REQUIRED WORK: Once the line containing "Kitchen - 266" is reached in the listing below, reproduce it and all later lines through the final one exactly, but omit any pictures.

DATA SHOWN:
# # # # #
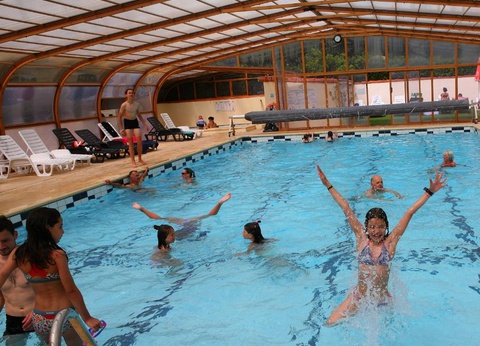 Flower Camping L'Abri-Côtier, 3* - 15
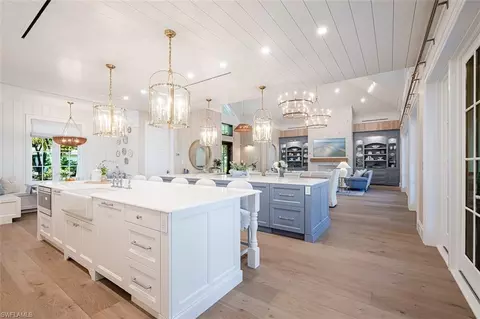 Kitchen - 266 15th Ave S, Naples, FL 34102 photo 1 of 7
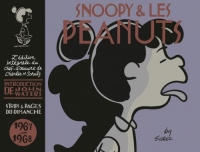 Snoopy - Intégrales - tome 9 - Snoopy et les Peanuts Intégrale (9)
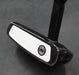 Odyssey White Rize iX 3SH Putter 84.5cm Playing Length Steel Shaft Odyssey Grip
# # # # #
EXPECTED ANSWER:
 Kitchen - 266 15th Ave S, Naples, FL 34102 photo 1 of 7
 Snoopy - Intégrales - tome 9 - Snoopy et les Peanuts Intégrale (9)
 Odyssey White Rize iX 3SH Putter 84.5cm Playing Length Steel Shaft Odyssey Grip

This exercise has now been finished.